Lord (George Gordon) Byron (1788-1824)

From Canto II of Don Juan:
For all we know that English people are
Fed upon beef - I won't say much of beer
Because 'tis liquor only, and being far
From this my subject, has no business here;
We know too, they are very fond of war,
A pleasure - like all pleasures - rather dear;
So were the Cretans - from which I infer
That beef and battle both were owing her . . .
(Section CLVI)

Extract from The Extended Circle by Jon Wynne-Tyson, © 1975:
From Don Juan
And angling , too, that solitary vice,
Whatever Izaak Walton sings or says:
The quaint, old, cruel coxcomb, in his gullet
Should have a hook, and a small trout to pull it.

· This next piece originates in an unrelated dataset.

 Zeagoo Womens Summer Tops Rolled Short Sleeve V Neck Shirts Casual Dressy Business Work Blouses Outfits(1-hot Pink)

Bryon comments in his Notes: This sentimental savage, whom it is a mode to quote (amongst the novelists) to show their sympathy for innocent sports and old songs, teaches how to sew up frogs, and break their legs by way of experiment, in addition to the art of angling, the cruelest, the coldest, and the stupidest of pretended sports.
Extract from Shelley by Edward Blunden 1946:
[in Ravenna, Italy 1818] Talk on these and other topics went on until six in the morning, but then in Byron's house even Shelley resigned himself to getting up at midday. Byron breakfasted in the afternoon, they talked or read till six, went for a ride through the pine forests, dined at eight and so to talk again. One of Byron's characteristics could not have been missed by any visitor. Madame Guiccioli found it very comical, and would tell a good story about it. For Michaelmas Day Byron regularly resolved to have a roast goose, and bought one; but by the time he had fattened it for a month the goose and he were such friends that the bird did not come to the table, and another was bought. At last he possesed four pet geese which travelled in cages under his carriage. Shelley's catalogue of Byron's zoo ("besides servants"), omitting geese, includes "ten horses, eight enormous dogs, three monkeys, five cats, an eagle, a crow and a falcon; and all these except the horses, walk about the house, which every now and then resounds with their unarbitrated quarrels, as if they were masters of it." Shelley supposed that this list was complete, but as he departed "met on the grand staircase five peacocks, two guinea hens, and an Egyptian crane. I wonder who all these animals were before they were changed into these shapes."